*** Raw data Section Begins ***

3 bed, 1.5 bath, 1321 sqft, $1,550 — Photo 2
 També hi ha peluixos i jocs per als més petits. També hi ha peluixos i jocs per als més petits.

*** Raw data Section Ends ***
*** Raw data Section Begins ***

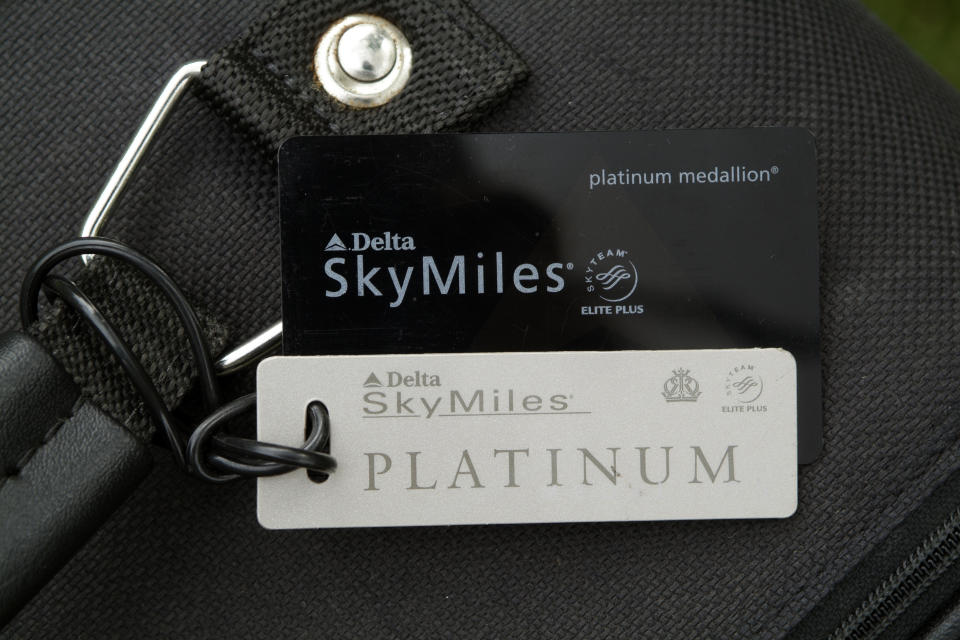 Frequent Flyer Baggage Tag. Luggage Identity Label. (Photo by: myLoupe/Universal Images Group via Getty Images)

*** Raw data Section Ends ***

▶ [Task to carry out]
Reproduce exactly, and with no other material, the lines between those holding "3 bed, 1.5 bath, 1321 sqft, $1,550 — Photo 2" and "També hi ha peluixos i jocs per als més petits. També", inclusive.

▶ [Answer box]
3 bed, 1.5 bath, 1321 sqft, $1,550 — Photo 2
 També hi ha peluixos i jocs per als més petits. També hi ha peluixos i jocs per als més petits.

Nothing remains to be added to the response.